UN probe revives hope for Thai `abducted by North Korea`
35 years after she vanished from Macau, relatives of a Thai woman believed to have been snatched by North Korean agents hope that a landmark UN investigation will help to finally bring her home.
Bangkok: Thirty-five years after she vanished from Macau, relatives of a Thai woman believed to have been snatched by North Korean agents hope that a landmark UN investigation will help to finally bring her home.
Anocha Panjoy was 23 when she left her apartment in May 1978 in the former Portuguese colony, where she was working at the time, telling a friend she was going to a beauty parlour. She never returned.

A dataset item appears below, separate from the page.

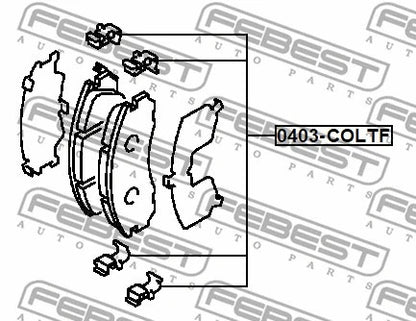 FEBEST 2002-2012 Mitsubishi Lancer Disc Brake Clip Set 0403-COLTF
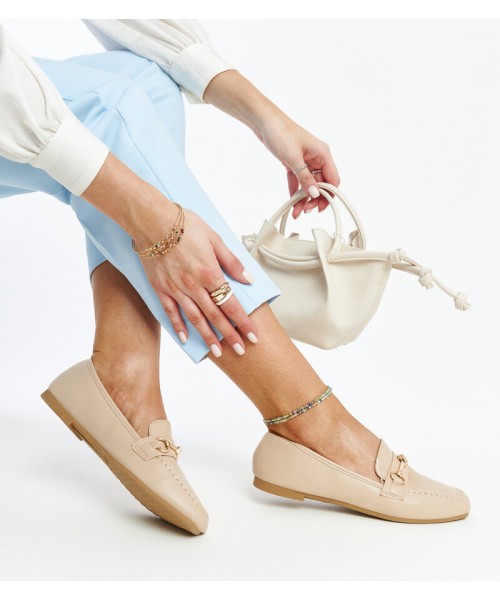 Smėlio spalvos puošti mokasinai Docherty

Her disappearance was a mystery for almost three decades until former US army deserter Charles Jenkins revealed that a Thai woman called Anocha had been his neighbour in Pyongyang.
"When Anocha disappeared, I thought that she was killed in Macau and her body was dumped in the sea," her nephew Bangjong Panjoy said.
"The day we heard she was in North Korea, the whole family cried as they thought Anocha would come home. We cried and cried wanting her to come back," he told.
Anocha`s father died just months before her whereabouts was revealed.
When Bangjong visited Japan to meet Jenkins, the American`s Japanese wife Hitomi Soga -- another former abductee -- immediately recognised Anocha in the family`s photos, he said.
According to Jenkins, who spent four decades in North Korea until he was allowed to leave in 2004, Anocha told him she was forced into a boat and taken against her will to the secretive communist state.
Bangjong believes that Anocha was probably kidnapped by North Korea to be the wife of a foreign defector, or to teach the Thai language to North Korean spies.
The family recently submitted its evidence about her abduction to the UN Commission of Enquiry into Human Rights in North Korea, which was set up in March under the chairmanship of former Australian judge Michael Kirby.
The commission is the first UN expert panel to officially examine Pyongyang`s human rights record, by collecting witness testimony in Japan, Thailand, Britain and the United States from North Korean defectors and other victims.